── SUPPLIED INFORMATION

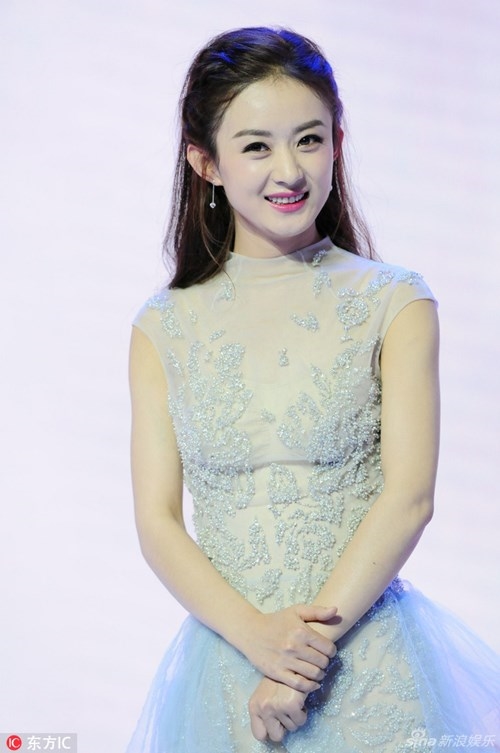 Dù là kiểu tóc nào, Triệu Lệ Dĩnh vẫn xinh đẹp và thu hút đến kỳ lạ!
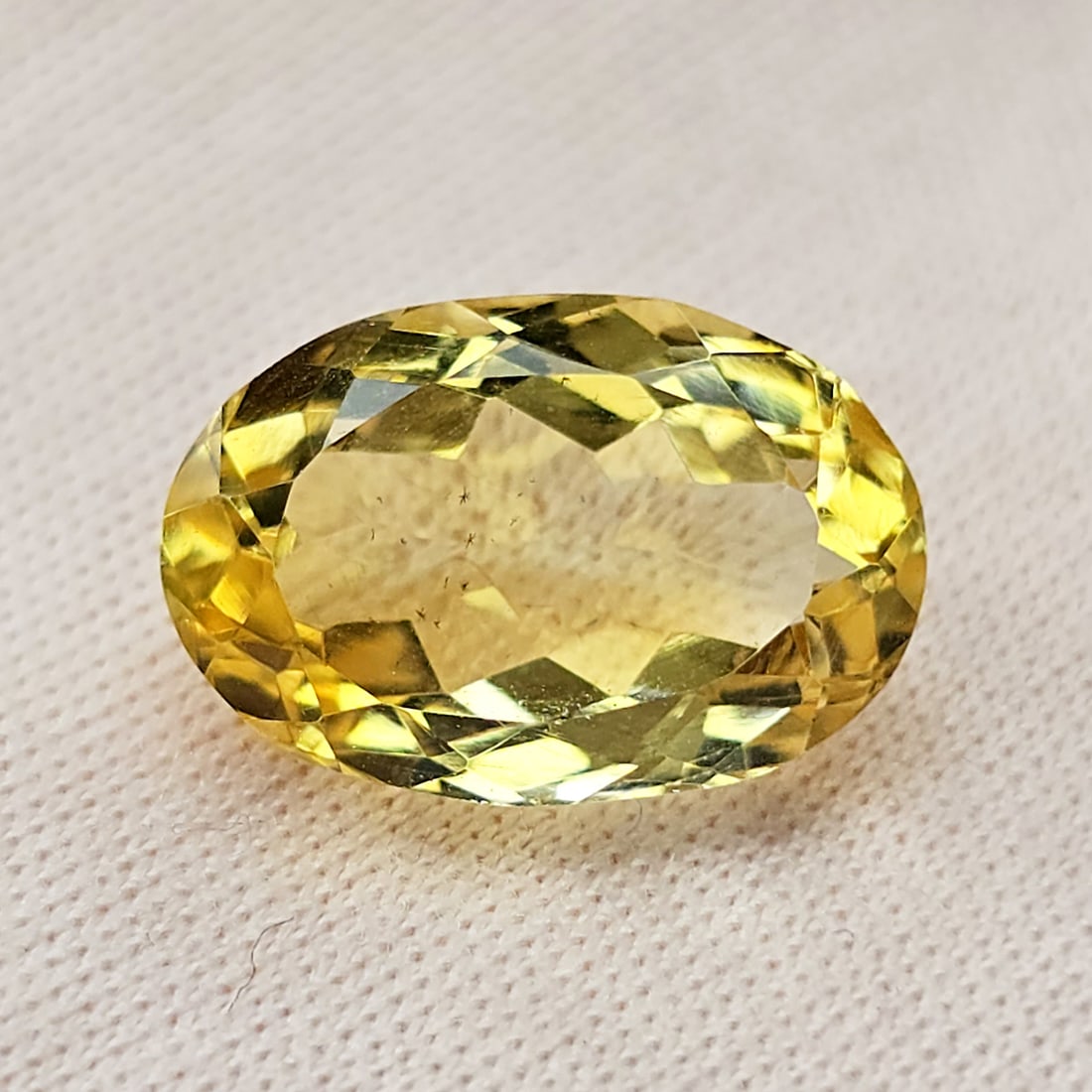 5.22 Ct Natural Citrine: Gemstones: Natural Citrine /Carat Weights: 5.22 Ct /Size or Dimensions: 13 X 8.50 X 6.90 mm Approx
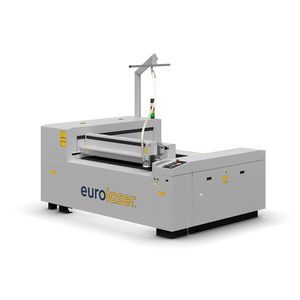 CO2 laser cutting machine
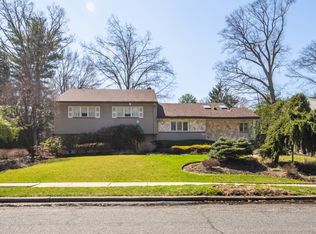 963 Wildwood Rd, Oradell, NJ 07649
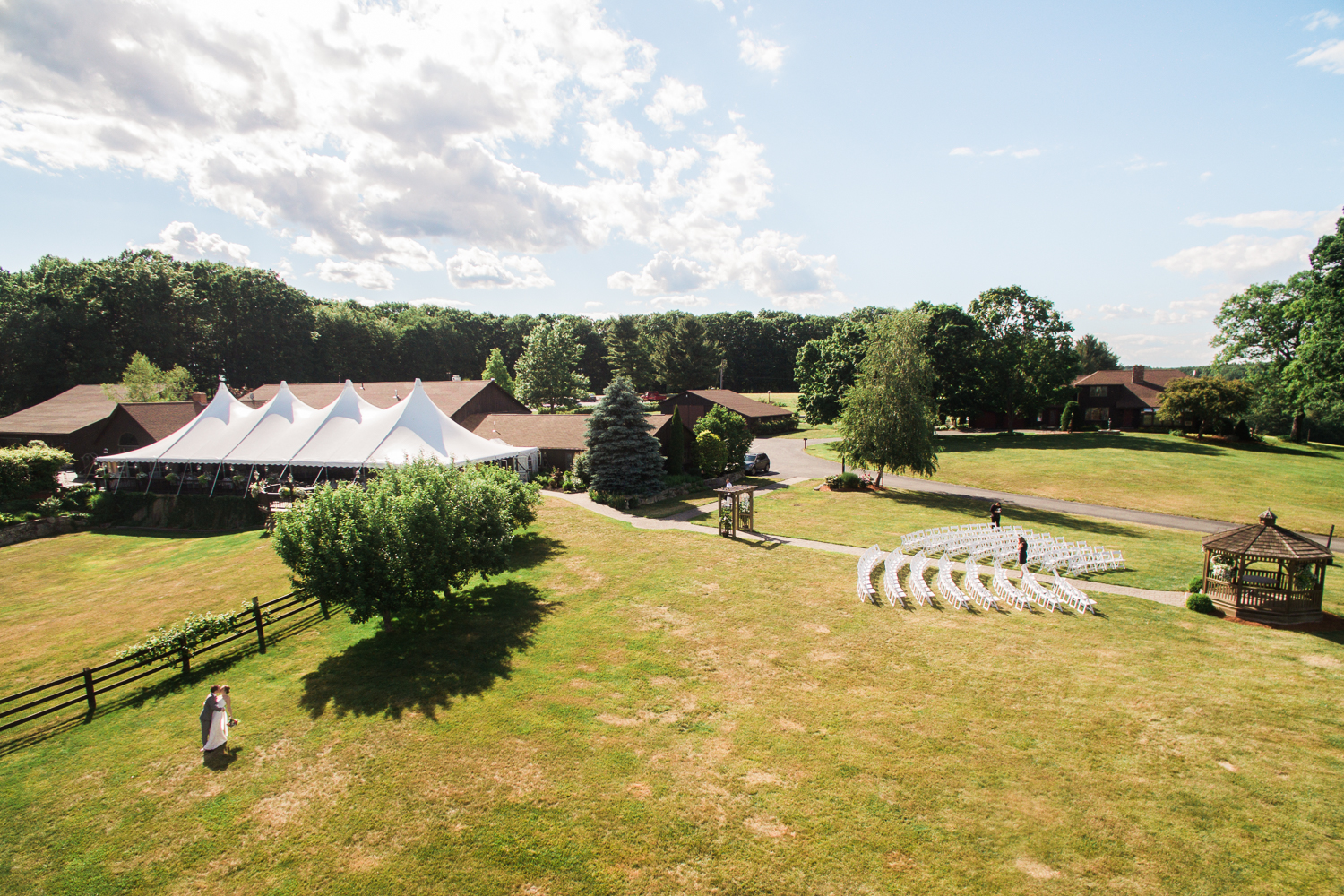 Elyse Zach Zukas Hilltop Barn Wedding Lovely Valentine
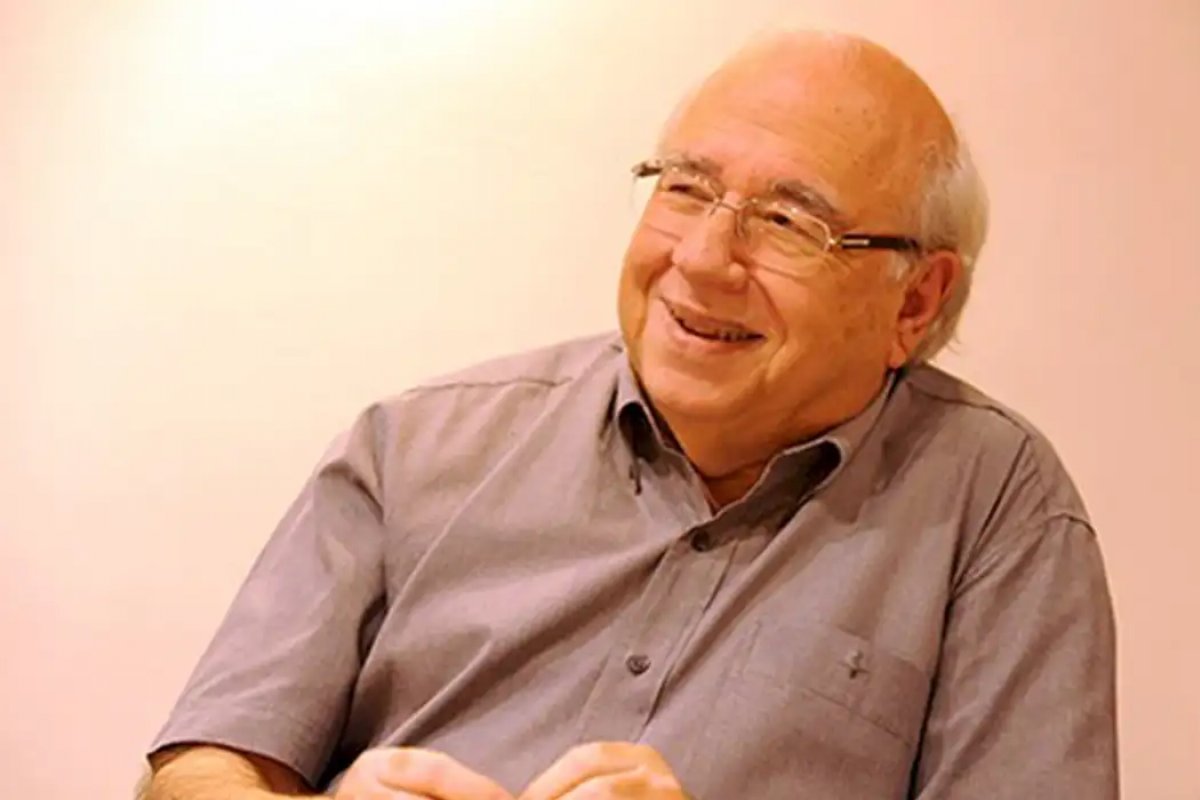 Morre o autor Luis Fernando Verissimo, cronista que uniu gerações de leitores, aos 88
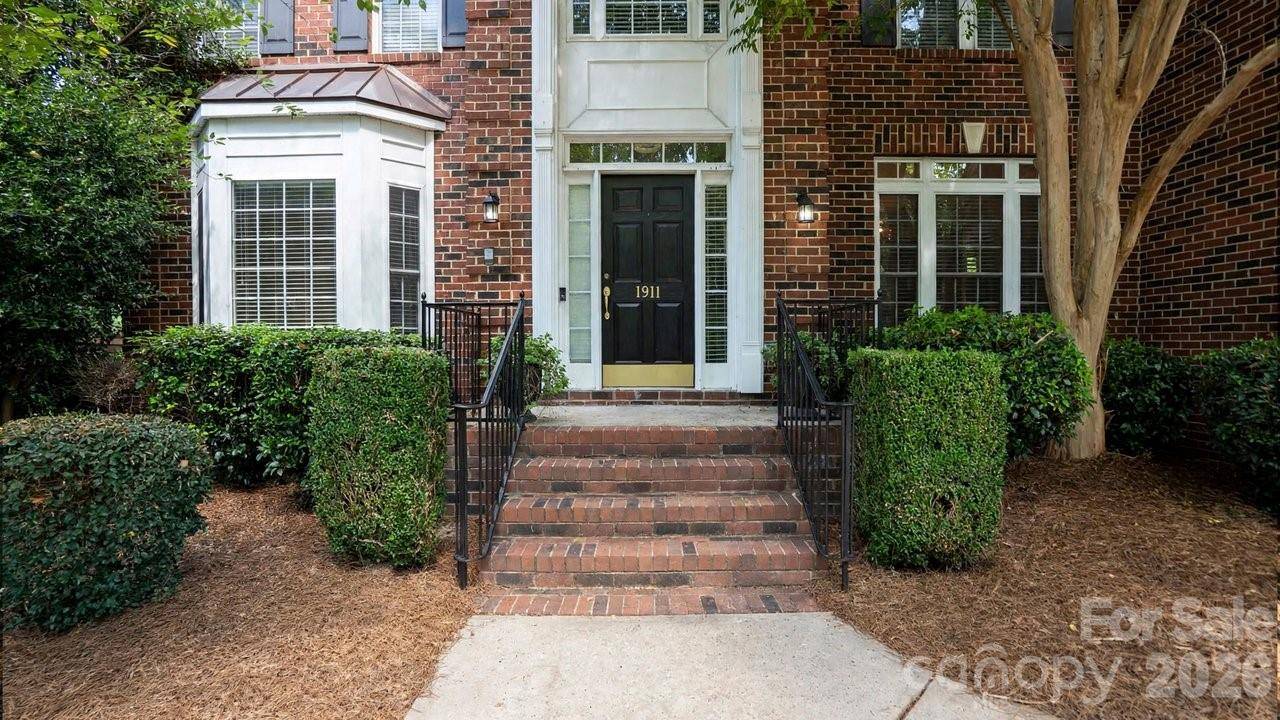 1911 Solway LN, Charlotte, NC 28269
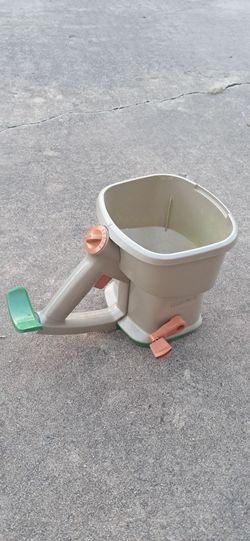 Handheld seed spreader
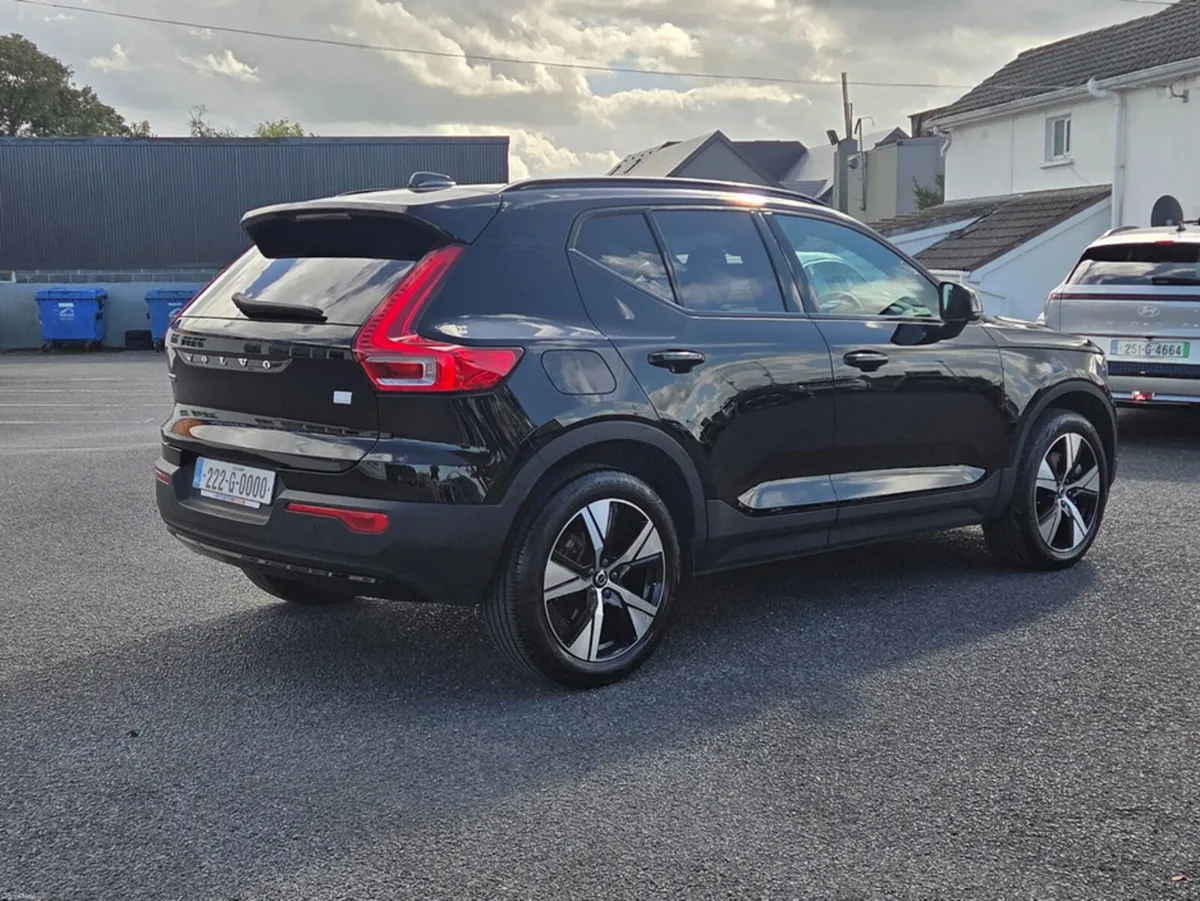 Volvo XC40 R-DESIGN T4 RECHARGE - Image 4
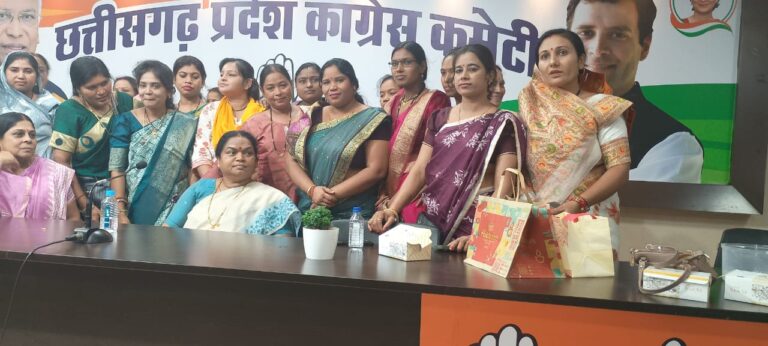 प्रदेश अध्यक्ष बैज एवं सांसद फूलोदेवी ने थपथपाया रानी चौहान का पीठ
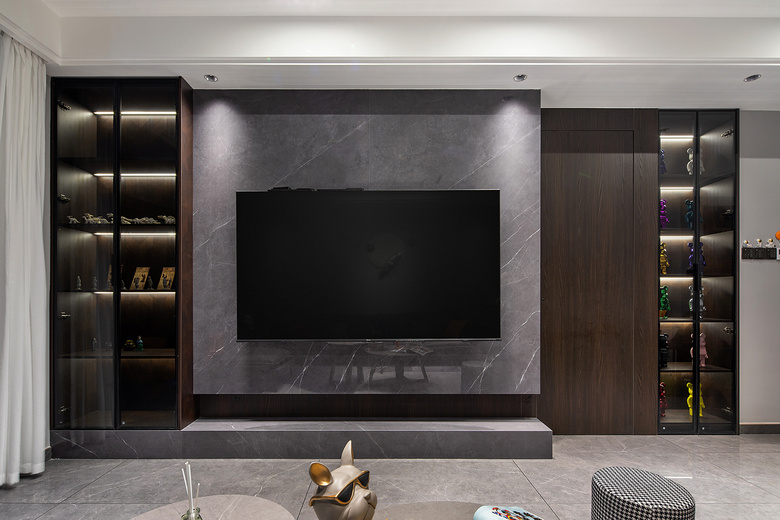 ��ɫ���ӱ���ǽ�Ķ��ִ��䷨��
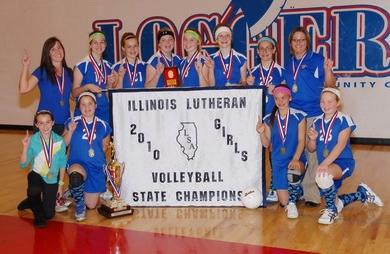 STATE 2010 GIRLS VOLLEYBALL STATE 2010 GIRLS CHAMPIONS CENTRALIA - TRINITY ROYALS Pool Play Results Blue Pool Gray Pool Rockford Lutheran 25 25 Collinsville Good Shepherd 09 16 Mt.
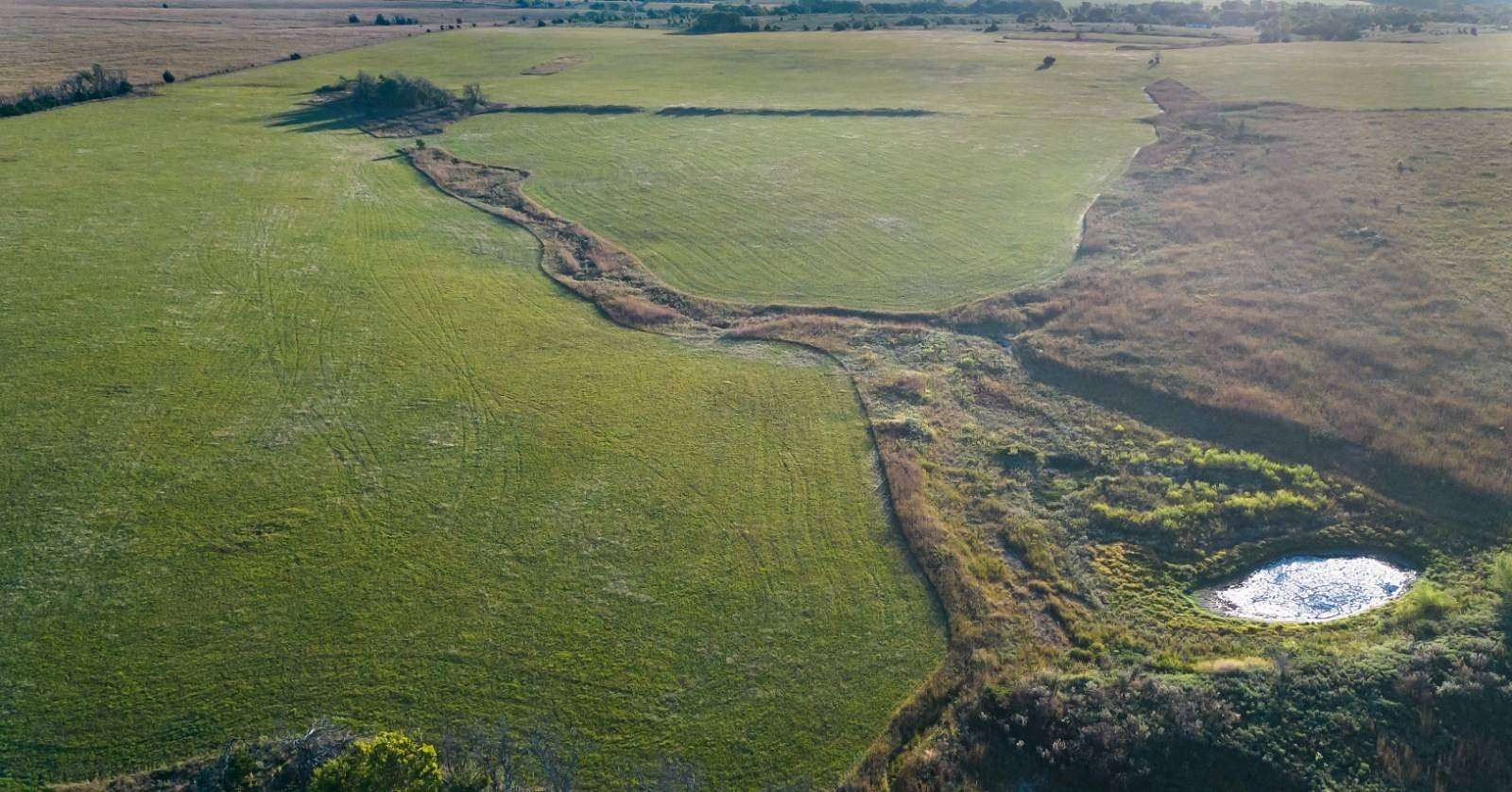 305 Acres of Land for Auction in Atlanta, Kansas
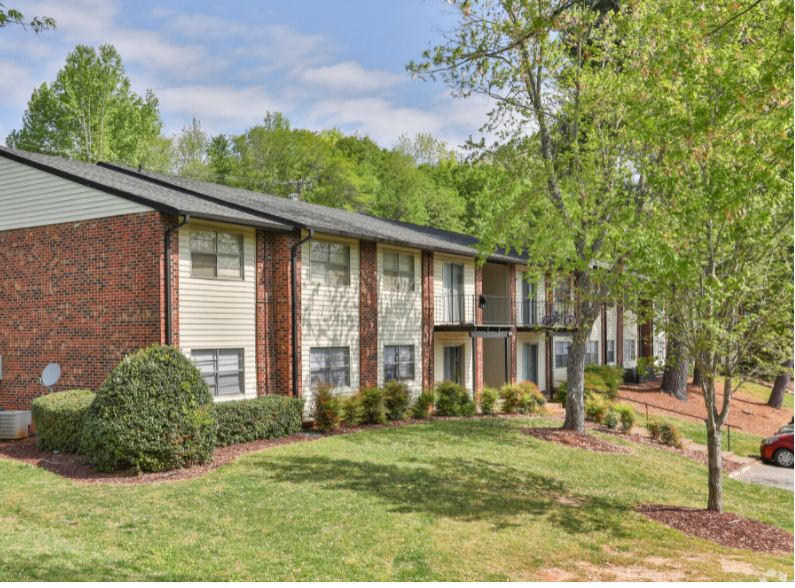 this is a photo of the leasing office at the biltmore apartments in dallas,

────

**WORK INSTRUCTIONS**. Leave out the pictures and copy exactly the lines from the one with "Elyse Zach Zukas" through the last line of the records above.

**OUTPUT FOR THIS EXERCISE**.
 Elyse Zach Zukas Hilltop Barn Wedding Lovely Valentine
 Morre o autor Luis Fernando Verissimo, cronista que uniu gerações de leitores, aos 88
 1911 Solway LN, Charlotte, NC 28269
 Handheld seed spreader
 Volvo XC40 R-DESIGN T4 RECHARGE - Image 4
 प्रदेश अध्यक्ष बैज एवं सांसद फूलोदेवी ने थपथपाया रानी चौहान का पीठ
 ��ɫ���ӱ���ǽ�Ķ��ִ��䷨��
 STATE 2010 GIRLS VOLLEYBALL STATE 2010 GIRLS CHAMPIONS CENTRALIA - TRINITY ROYALS Pool Play Results Blue Pool Gray Pool Rockford Lutheran 25 25 Collinsville Good Shepherd 09 16 Mt.
 305 Acres of Land for Auction in Atlanta, Kansas
 this is a photo of the leasing office at the biltmore apartments in dallas,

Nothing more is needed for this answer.